Hi, Michael.  Thanks for the new version!

On 6/6/22 20:59, Michael Santana wrote:
> Additional threads are required to service upcalls when we have CPU
> isolation (in per-cpu dispatch mode). The reason additional threads
> are required is because it creates a more fair distribution.

I think, the description above lacks the information on why we need
to create additional threads, and why we choose the number to be a
prime number.  Yes, you said that it creates a more fair distribution,
but we probably need to describe that more with an example.

> With more
> threads we decrease the load of each thread as more threads would
> decrease the number of cores each threads is assigned.

While that is true, it's not obvious why increasing the number of
threads beyond the number of available cores is good for us.
The key factor is more fair load distribution among threads, so all
cores are utilized, but that is not highlighted.

> Adding as many
> threads are there are cores could have a performance hit when the number
> of active cores (which all threads have to share) is very low.

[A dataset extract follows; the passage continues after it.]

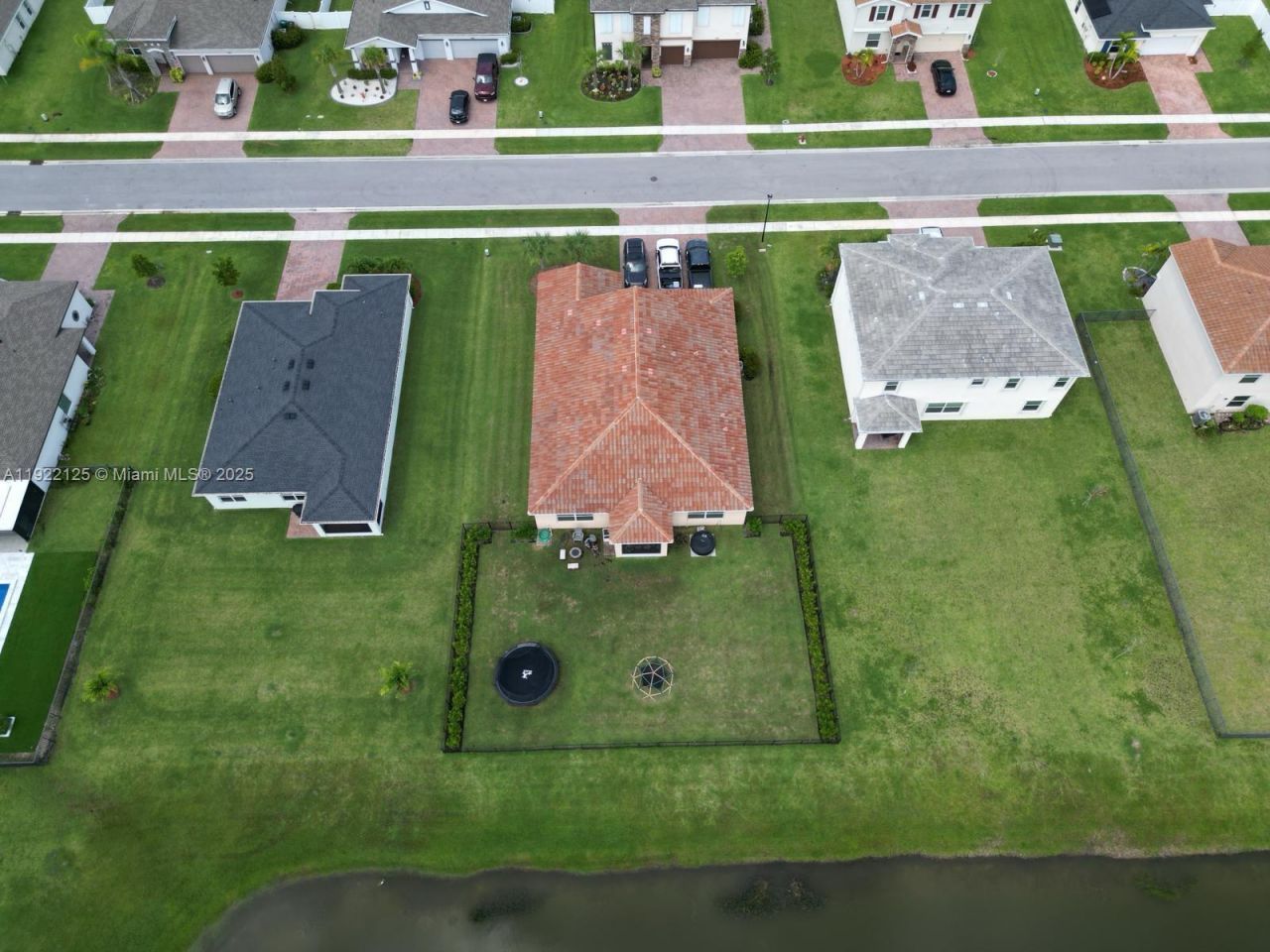 7599 NW Deysbrook Lane, Port Saint Lucie, FL 34987 Photo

For this
> reason we avoid creating as many threads as there are cores and instead
> meet somewhere in the middle.
> 
> The formula used to calculate the number of handler threads to create
> is as follows:
> 
> handlers_n = min(next_prime(active_cores+1), total_cores)
> 
> Where next_prime is a function that returns the next numeric prime
> number that is strictly greater than active_cores
> 
> Assume default behavior when total_cores <= 2, that is do not create
> additional threads when we have less than 2 total cores on the system
> 
> Fixes: b1e517bd2f81 ("dpif-netlink: Introduce per-cpu upcall dispatch.")
> Signed-off-by: Michael Santana <msant...@redhat.com>
> ---
>  lib/dpif-netlink.c | 86 ++++++++++++++++++++++++++++++++++++++++++++--
>  lib/ovs-thread.c   | 16 +++++++++
>  lib/ovs-thread.h   |  1 +
>  3 files changed, 101 insertions(+), 2 deletions(-)
> 
> diff --git a/lib/dpif-netlink.c b/lib/dpif-netlink.c
> index 06e1e8ca0..e948a829b 100644
> --- a/lib/dpif-netlink.c
> +++ b/lib/dpif-netlink.c
> @@ -31,6 +31,7 @@
>  #include <sys/epoll.h>
>  #include <sys/stat.h>
>  #include <unistd.h>
> +#include <math.h>
>  
>  #include "bitmap.h"
>  #include "dpif-netlink-rtnl.h"
> @@ -2506,6 +2507,87 @@ dpif_netlink_handler_uninit(struct dpif_handler 
> *handler)
>  }
>  #endif
>  
> +/*
> + * Returns 1 if num is a prime number,
> + * Otherwise return 0
> + */
> +static uint32_t

This should just return bool.

> +is_prime(uint32_t num)
> +{
> +    if ((num < 2) || ((num % 2) == 0)) {

There is no need for so many parenthesis.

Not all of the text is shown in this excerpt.